Each week in Show Me The Money (RTE1, Sun), the budgetary makeover series, Hobbs offers essentially the same advice to the fiscal wrecks who seek his guidance. He urges them to face up to their monetary problems, reduce their spending and, if possible, increase their earnings.

Last Sunday’s subjects were Tom and Tricia, a taxi driver and his part-time barmaid wife. Despite a reasonable joint income, the couple cannot make ends meet. Tom’s overheads are excessive, loans are accumulating and outstanding wedding bills absorb every spare cent.

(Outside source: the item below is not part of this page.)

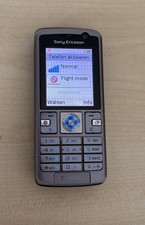 Sony Ericsson K610i geprüft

After due consideration, Hobbs offered a solution to the couple’s woes. He urged them to face up to their monetary problems, reduce their spending and, if possible, increase their earnings.

Hobbs’s financial tips are commonsensical to the point of commonplace. Yet the most striking feature of Show Me The Money is the fact that his elementary suggestions are greeted like thunderbolts of divine revelation. Ultimately, of course, this has more to do with the ignorance of the pupils than the brilliance of the teacher.

Most of the series’ participants are pathetic innocents, the sort of people who smoke in bed then wonder why their house burns down. Spending borrowed money like drunken sailors, they are invariably shocked to discover that they have amassed battleship-sized credit hangovers.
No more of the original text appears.